Take a good look at the situation and understand what is going on. Most Americans know little about Israel and Palestine. People who are not well informed cannot make wise decisions in the voting booth or anywhere else.

On this website is a list of resources: books, articles, and videos. Use these resources and others to wrestle with such questions as these: Why do we have this conflict? Who is perpetrating it today? Who is trying to end it? What has been preventing peace in the Middle East in the last hundred years?

Assess the available news sources and ask whether they are offering unbiased information on the Israeli-Palestinian conflict, including its history and the obstacles to peace.

Consider a visit to the Holy Land—spending time there will enable you to see all sides of the conflict.

 

Educate grassroots America.

Get involved in a Bible study group or a book club where members can share views and information on various aspects of the conflict. Start a group if you can’t find one.

As Christians we have a mandate to educate, because the church is called to be a peacemaker and a reconciler. Encourage folks to visit their denominational websites. The Lutheran, Presbyterian, Mennonite, and United Methodist churches, as well as the United Church of Christ and other Christian denominations, have task forces on the conflict, also known as Palestine-Israel networks (PINs).

Americans have the right to know!

 

Congress: Write and keep writing. Phone and keep phoning.

As citizens serving Christ in a democracy, we have social responsibilities that are not available to Christians living in dictatorships. We are blessed with freedom of speech. We must use our freedom to advance truth and justice.

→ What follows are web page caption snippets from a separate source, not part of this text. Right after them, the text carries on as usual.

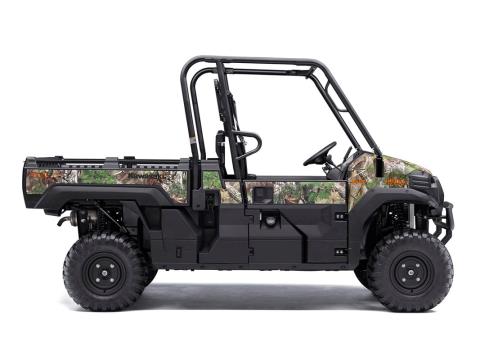 2016 Kawasaki Mule Pro-FX EPS Camo in Junction City, Kansas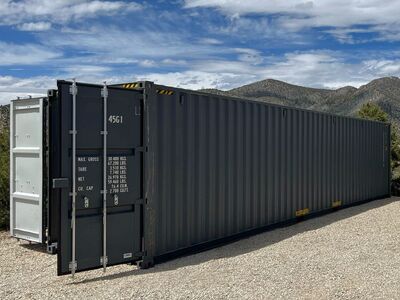 Shipping Container For Sale Conex Storage Wells NV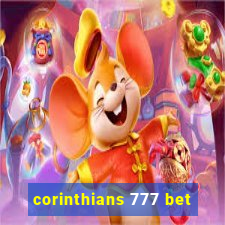 corinthians 777 bet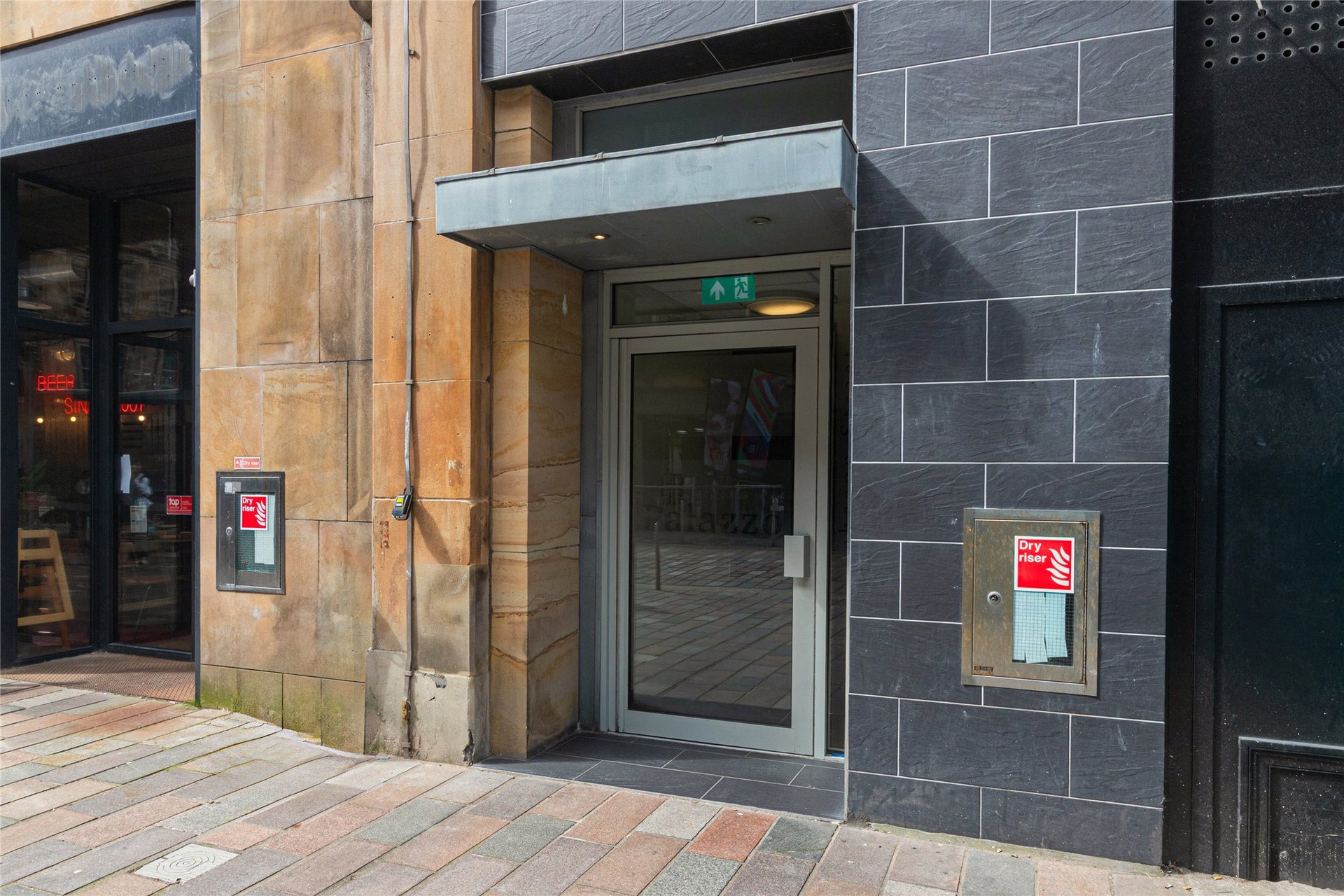 Flat 59 Palazzo Building, 103 Hutcheson Street, Merchant City, G1 1SN - Picture #2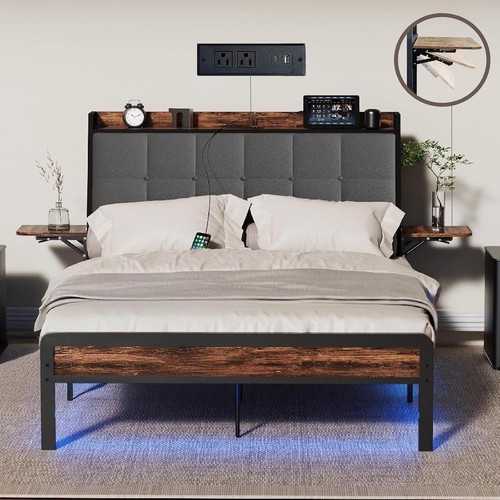 Led bettgestell - led,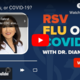 Vídeo: Comparta el siguiente video: VRS, ¿gripe o COVID-19?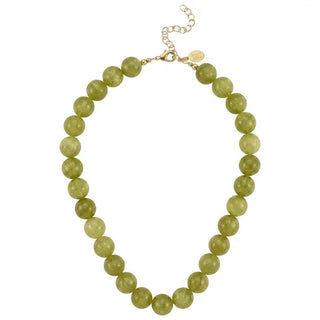 Palmera Beaded Necklace – view 2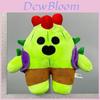 Adorabile Peluche Spike da Personaggio dei Cartoni Animati Morbido e Coccoloso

Convincing members of Congress can be difficult. Many of them rely on biased news sources and lobby groups for information on controversial issues. In addition, many Congressmen and Congresswomen are swayed by wealthy donors who finance their election campaigns. We must strive to inform our elected legislators on the realities of Palestine and Israel, as well as to persuade them to stand for peace and justice.

 

The news media: Evaluate them critically. Then write and keep writing.

Reports and commentary on Israel and Palestine often have a bias. Always read and listen with a critical perspective. An eye-opening documentary is The Occupation of the American Mind: Israel’s Public Relations War in the United States.

Keep writing to the editors of newspapers and news magazines when you encounter either responsible or irresponsible journalism about Palestine and Israel. Editors pay attention to the mail they receive about a controversial topic, and they are more likely to publish a letter that represents the opinion of many of their readers. Even if your letter isn’t printed, it can help convince the editors to publish a letter that agrees with yours. Speaking out makes a difference.